Choosing the right approach:
Machine learning is on the rise across industries and in businesses of all sizes. Depending on the type of data, the quantity, and how it is stored and structured, Valence can recommend a path forward which might use a combination of the data generation and training approaches outlined in this post. The order in which these approaches are applied varies by project, and boils down to roughly four phases:
- Bootstrapping your training process. This includes gathering or generating initial training data and developing a model architecture and training approach. Some statistical analysis (DOE) may be involved to determine the best inputs to produce the desired outputs and predictions.
- Building out the training infrastructure. Access to Graphics Processing Unit (GPU) compute in the cloud can be expensive. While some models can be trained on local hardware at the beginning of the project, long-term a scalable and serverless training infrastructure and proper ML experiment lifecycle management strategy is desirable.
- Running experiments. In this phase we begin training the model, adjusting the dataset, experimenting with the model architecture and hyperparameters. We will collect lots of experiment metrics to gauge improvement.
- Inference infrastructure. This includes integrating the trained model into your system and putting it to work. This can be cloud-based inference, in which case we’ll pick the best serverless approach that minimizes cloud expenses while maximizing throughput and stability. It might also be edge inference, in which case we may need to optimize the model to run on a low-powered edge CPU, GPU, TPU, VPU, FPGA, or a combination of thereof.
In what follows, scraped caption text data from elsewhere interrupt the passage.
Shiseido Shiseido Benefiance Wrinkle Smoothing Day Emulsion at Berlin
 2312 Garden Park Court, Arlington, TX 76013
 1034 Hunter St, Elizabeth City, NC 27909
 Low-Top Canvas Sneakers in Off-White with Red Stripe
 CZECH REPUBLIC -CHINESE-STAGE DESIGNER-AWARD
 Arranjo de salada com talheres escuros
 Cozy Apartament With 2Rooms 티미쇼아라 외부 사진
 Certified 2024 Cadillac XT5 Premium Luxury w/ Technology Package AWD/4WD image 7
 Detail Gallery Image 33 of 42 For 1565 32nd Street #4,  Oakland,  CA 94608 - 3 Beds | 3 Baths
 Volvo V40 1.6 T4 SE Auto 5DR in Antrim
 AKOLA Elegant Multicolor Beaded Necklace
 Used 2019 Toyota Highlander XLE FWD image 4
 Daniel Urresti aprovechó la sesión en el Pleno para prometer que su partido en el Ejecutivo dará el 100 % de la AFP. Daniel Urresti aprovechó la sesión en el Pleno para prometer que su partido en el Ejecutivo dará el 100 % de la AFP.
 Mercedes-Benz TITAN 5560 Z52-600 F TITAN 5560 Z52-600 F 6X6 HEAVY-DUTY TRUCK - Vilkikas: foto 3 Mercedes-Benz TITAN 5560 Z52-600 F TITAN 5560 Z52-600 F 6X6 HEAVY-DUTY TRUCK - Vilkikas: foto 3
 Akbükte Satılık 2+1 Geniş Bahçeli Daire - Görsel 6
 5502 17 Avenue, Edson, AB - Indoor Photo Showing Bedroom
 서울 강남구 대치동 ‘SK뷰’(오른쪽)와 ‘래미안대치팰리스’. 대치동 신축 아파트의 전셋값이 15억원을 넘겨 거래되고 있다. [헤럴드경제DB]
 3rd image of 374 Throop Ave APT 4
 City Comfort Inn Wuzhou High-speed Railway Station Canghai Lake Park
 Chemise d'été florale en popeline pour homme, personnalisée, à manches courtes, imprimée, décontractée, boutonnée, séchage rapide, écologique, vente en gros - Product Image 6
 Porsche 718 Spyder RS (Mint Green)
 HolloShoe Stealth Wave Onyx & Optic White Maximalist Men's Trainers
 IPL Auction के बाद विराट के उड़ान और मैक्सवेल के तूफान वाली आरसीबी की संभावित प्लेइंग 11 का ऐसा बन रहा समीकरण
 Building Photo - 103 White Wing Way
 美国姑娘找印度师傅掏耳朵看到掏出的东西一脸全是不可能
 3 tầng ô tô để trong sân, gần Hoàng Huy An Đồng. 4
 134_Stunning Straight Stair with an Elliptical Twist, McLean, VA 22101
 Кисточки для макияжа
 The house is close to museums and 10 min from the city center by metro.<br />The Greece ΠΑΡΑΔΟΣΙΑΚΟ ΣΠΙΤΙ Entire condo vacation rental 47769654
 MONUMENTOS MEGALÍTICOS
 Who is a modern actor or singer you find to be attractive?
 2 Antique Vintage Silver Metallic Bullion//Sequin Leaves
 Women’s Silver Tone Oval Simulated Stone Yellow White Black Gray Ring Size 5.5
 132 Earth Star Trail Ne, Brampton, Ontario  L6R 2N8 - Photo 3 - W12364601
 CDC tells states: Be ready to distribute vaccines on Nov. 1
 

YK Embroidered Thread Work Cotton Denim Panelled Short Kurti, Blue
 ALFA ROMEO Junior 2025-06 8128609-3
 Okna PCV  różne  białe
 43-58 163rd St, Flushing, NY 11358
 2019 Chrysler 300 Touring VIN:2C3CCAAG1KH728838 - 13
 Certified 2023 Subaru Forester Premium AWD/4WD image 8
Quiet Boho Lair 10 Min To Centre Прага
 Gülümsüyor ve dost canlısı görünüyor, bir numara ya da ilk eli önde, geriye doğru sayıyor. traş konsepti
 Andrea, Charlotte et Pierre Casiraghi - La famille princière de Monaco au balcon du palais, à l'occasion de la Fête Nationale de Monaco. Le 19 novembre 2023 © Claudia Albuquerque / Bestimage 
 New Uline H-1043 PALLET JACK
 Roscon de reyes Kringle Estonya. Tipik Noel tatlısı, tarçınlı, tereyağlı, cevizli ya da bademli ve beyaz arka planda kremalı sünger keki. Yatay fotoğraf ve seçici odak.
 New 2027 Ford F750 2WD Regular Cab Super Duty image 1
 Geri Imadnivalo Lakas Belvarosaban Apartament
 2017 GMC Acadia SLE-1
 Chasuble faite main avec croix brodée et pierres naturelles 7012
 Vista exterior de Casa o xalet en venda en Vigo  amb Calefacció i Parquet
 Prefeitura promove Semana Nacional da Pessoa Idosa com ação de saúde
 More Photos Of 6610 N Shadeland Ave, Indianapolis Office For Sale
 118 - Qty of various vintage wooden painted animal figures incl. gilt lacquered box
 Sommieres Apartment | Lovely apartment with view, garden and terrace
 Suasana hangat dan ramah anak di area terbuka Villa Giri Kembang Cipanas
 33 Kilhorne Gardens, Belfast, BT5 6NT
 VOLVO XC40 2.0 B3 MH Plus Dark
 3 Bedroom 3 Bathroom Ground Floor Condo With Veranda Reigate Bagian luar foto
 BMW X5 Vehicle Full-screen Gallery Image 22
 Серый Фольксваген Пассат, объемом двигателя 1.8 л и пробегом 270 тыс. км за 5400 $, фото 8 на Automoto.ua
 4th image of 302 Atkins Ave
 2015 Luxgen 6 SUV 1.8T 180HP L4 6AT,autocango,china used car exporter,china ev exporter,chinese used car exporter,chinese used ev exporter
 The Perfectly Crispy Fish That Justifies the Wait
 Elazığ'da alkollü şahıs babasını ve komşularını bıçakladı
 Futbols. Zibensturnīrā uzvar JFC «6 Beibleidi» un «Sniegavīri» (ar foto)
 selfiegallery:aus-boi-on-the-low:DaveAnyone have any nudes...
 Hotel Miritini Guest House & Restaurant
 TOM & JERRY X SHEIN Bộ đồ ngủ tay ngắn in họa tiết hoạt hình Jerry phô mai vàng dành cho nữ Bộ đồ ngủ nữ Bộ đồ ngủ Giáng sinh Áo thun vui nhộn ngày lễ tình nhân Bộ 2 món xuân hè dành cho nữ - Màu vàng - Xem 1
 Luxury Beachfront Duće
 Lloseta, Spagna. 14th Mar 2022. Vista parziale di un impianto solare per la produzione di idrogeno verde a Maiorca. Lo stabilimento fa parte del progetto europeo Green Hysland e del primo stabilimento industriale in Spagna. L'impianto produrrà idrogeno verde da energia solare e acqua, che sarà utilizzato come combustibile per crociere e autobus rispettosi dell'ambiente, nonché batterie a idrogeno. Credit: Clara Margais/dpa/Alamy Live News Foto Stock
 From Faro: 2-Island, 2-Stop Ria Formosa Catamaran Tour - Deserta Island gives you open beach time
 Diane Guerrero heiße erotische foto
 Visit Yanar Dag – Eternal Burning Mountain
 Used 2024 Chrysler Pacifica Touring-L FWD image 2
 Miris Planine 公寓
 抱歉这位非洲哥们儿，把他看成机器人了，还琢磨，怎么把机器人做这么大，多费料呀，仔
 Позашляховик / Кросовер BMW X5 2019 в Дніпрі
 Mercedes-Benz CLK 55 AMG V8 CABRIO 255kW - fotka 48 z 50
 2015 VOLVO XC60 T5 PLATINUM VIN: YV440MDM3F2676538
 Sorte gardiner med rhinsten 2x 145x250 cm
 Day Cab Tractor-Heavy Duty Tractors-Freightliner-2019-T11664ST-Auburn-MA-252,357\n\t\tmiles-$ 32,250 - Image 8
What I wish every reader understood is that these models are simple in their sophistication. There is a discovery process at the onset of every project where we identify the training data needs and which model architecture and training approach will get the desired result. It sounds relatively straight forward to unleash a neural network on a large amount of data, but there are many details to consider when setting up Machine Learning workflows. Just like real-world physical research, Machine Learning requires us to up a “digital lab” which contains the necessary tools and raw materials to investigate hypotheses and evaluate outcomes – which is why we call AI training runs “experiments”. Machine Learning has such an array of truly incredible applications that there is likely a place for it in your organization as part of your digital journey.